Dataset items

:::::

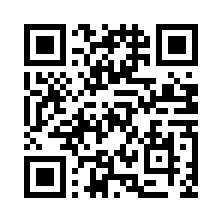 QR Code for 3EnPUTGtM8GYHADuAP2ZSPDEuBzZQZRCiU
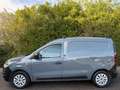 Renault Express 1.5 Blue dCi+2 PLACES+AIRCO+CAMERA+NAVI+EURO 6D Gris - thumbnail 2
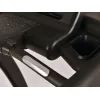 Бігова доріжка Toorx MIRAGE-S60-TFT (931488) зображення 4
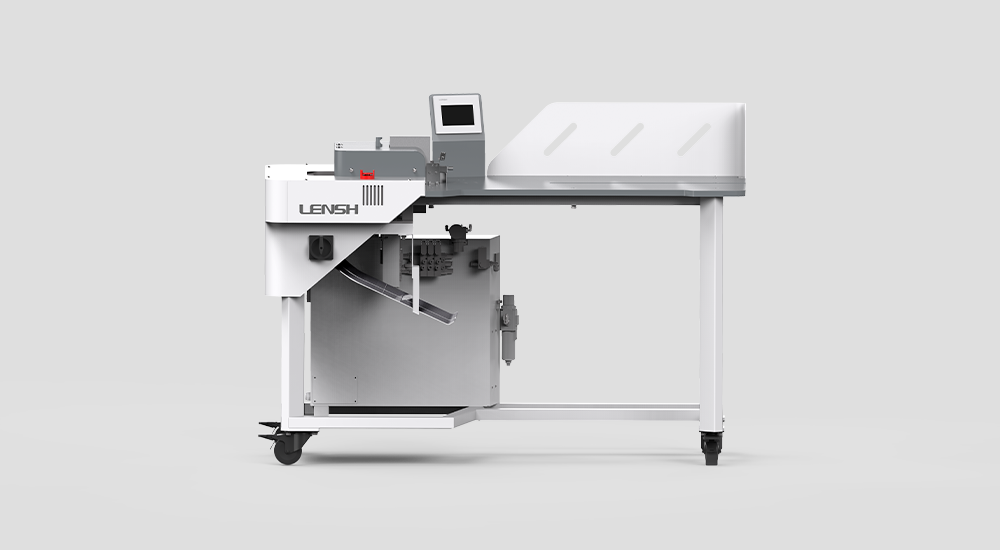 LS-4241A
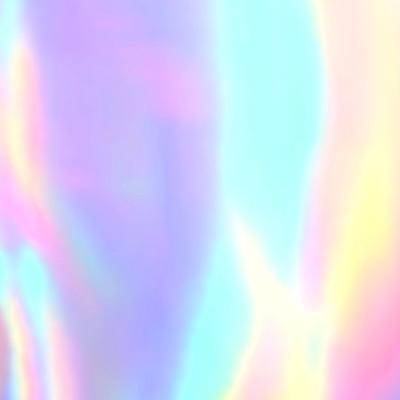 ＊＊＊＊＊＊＊トプ画採点します＊＊＊＊＊＊＊＊＊ ＊一言で終わらします＊文句言わないでください＊＊ ＊ＲＴで採点します＊採点した人はfollowします＊＊
＊採点するのは今日だけです＊＊＊＊＊＊＊＊＊＊＊
＊＊＊＊＊＊＊＊＊＊＊＊＊＊＊＊＊＊＊＊＊＊＊＊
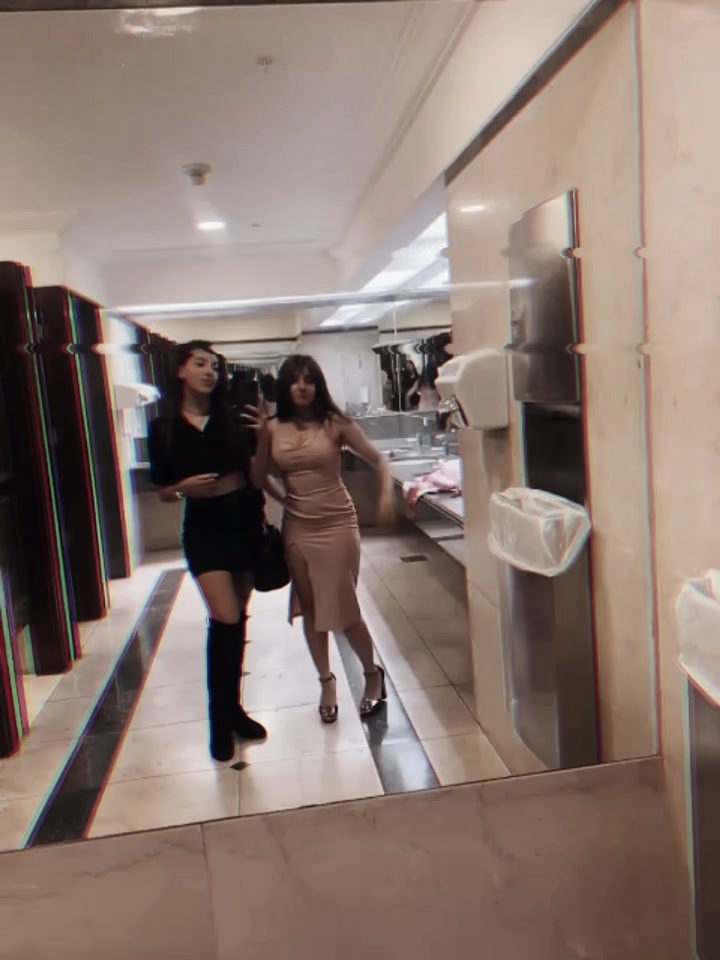 @Sofi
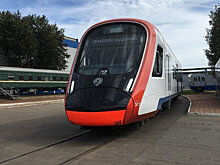 Москвичи пересаживаются на общественный транспорт. Почему?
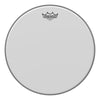 Remo 14" Ambassador Coated Drumhead Drums and Percussion / Parts and Accessories / Heads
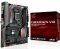 ������� ASUS MAXIMUS VIII HERO/ALPHA RETAIL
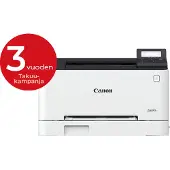 Canon i-Sensys LBP631Cw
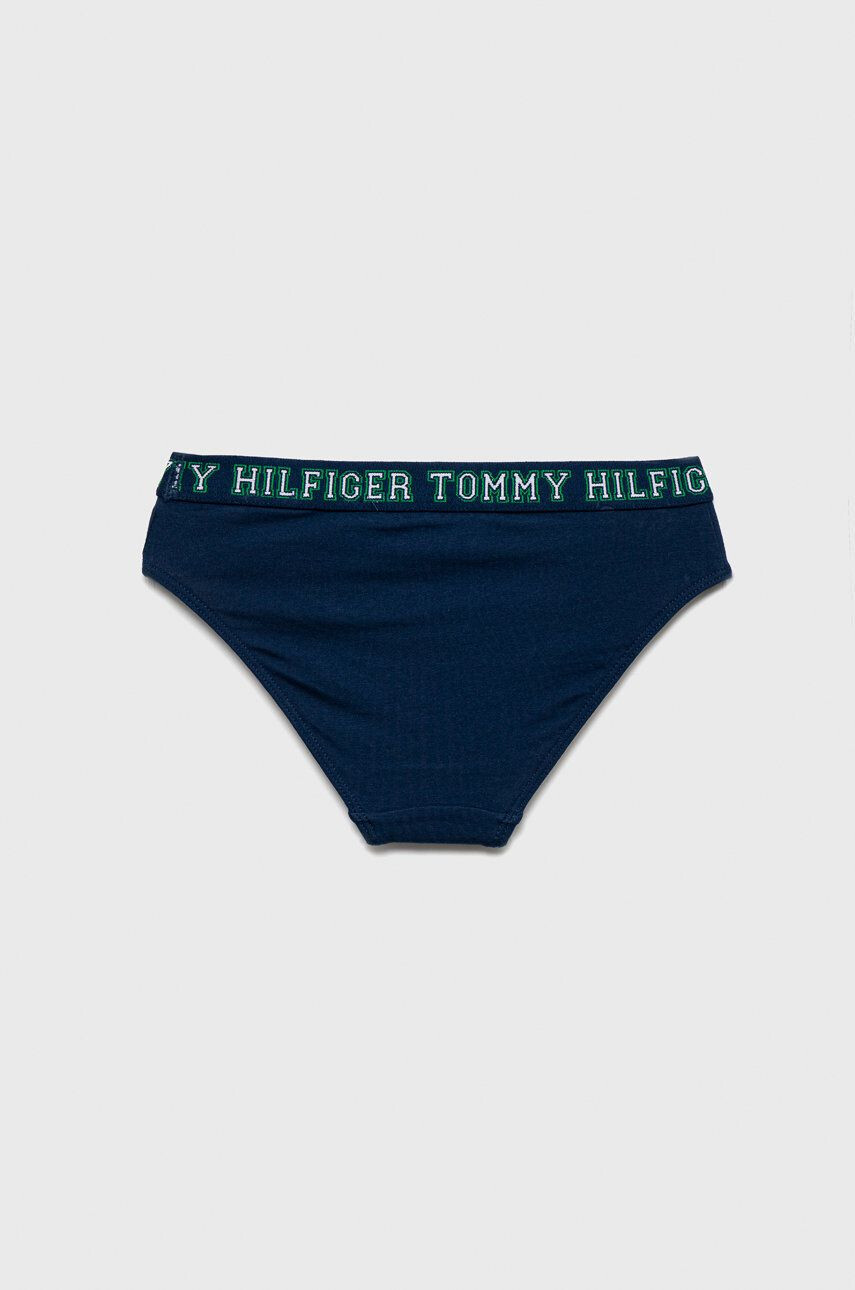 Tommy Hilfiger Detské nohavičky (2-pak) - Pepit.sk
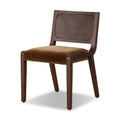 Coron Dining Chair - StyleMeGHD - Dining Chairs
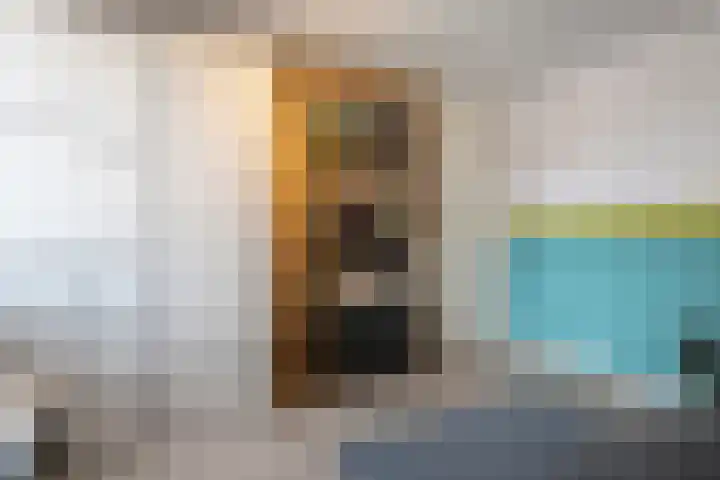 Schepenenlaan 84 Zwolle thumbnail 20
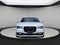 2021 Chrysler 300 300S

:::::

> _ACTION ITEM_:
If an entry contains an image, print the rest of that entry exactly and leave the image out.

> _PROBLEM SOLUTION_:
 QR Code for 3EnPUTGtM8GYHADuAP2ZSPDEuBzZQZRCiU
 Renault Express 1.5 Blue dCi+2 PLACES+AIRCO+CAMERA+NAVI+EURO 6D Gris - thumbnail 2
 Бігова доріжка Toorx MIRAGE-S60-TFT (931488) зображення 4
 LS-4241A
 ＊＊＊＊＊＊＊トプ画採点します＊＊＊＊＊＊＊＊＊ ＊一言で終わらします＊文句言わないでください＊＊ ＊ＲＴで採点します＊採点した人はfollowします＊＊
＊採点するのは今日だけです＊＊＊＊＊＊＊＊＊＊＊
＊＊＊＊＊＊＊＊＊＊＊＊＊＊＊＊＊＊＊＊＊＊＊＊
 @Sofi
 Москвичи пересаживаются на общественный транспорт. Почему?
 Remo 14" Ambassador Coated Drumhead Drums and Percussion / Parts and Accessories / Heads
 ������� ASUS MAXIMUS VIII HERO/ALPHA RETAIL
 Canon i-Sensys LBP631Cw
 Tommy Hilfiger Detské nohavičky (2-pak) - Pepit.sk
 Coron Dining Chair - StyleMeGHD - Dining Chairs
 Schepenenlaan 84 Zwolle thumbnail 20
 2021 Chrysler 300 300S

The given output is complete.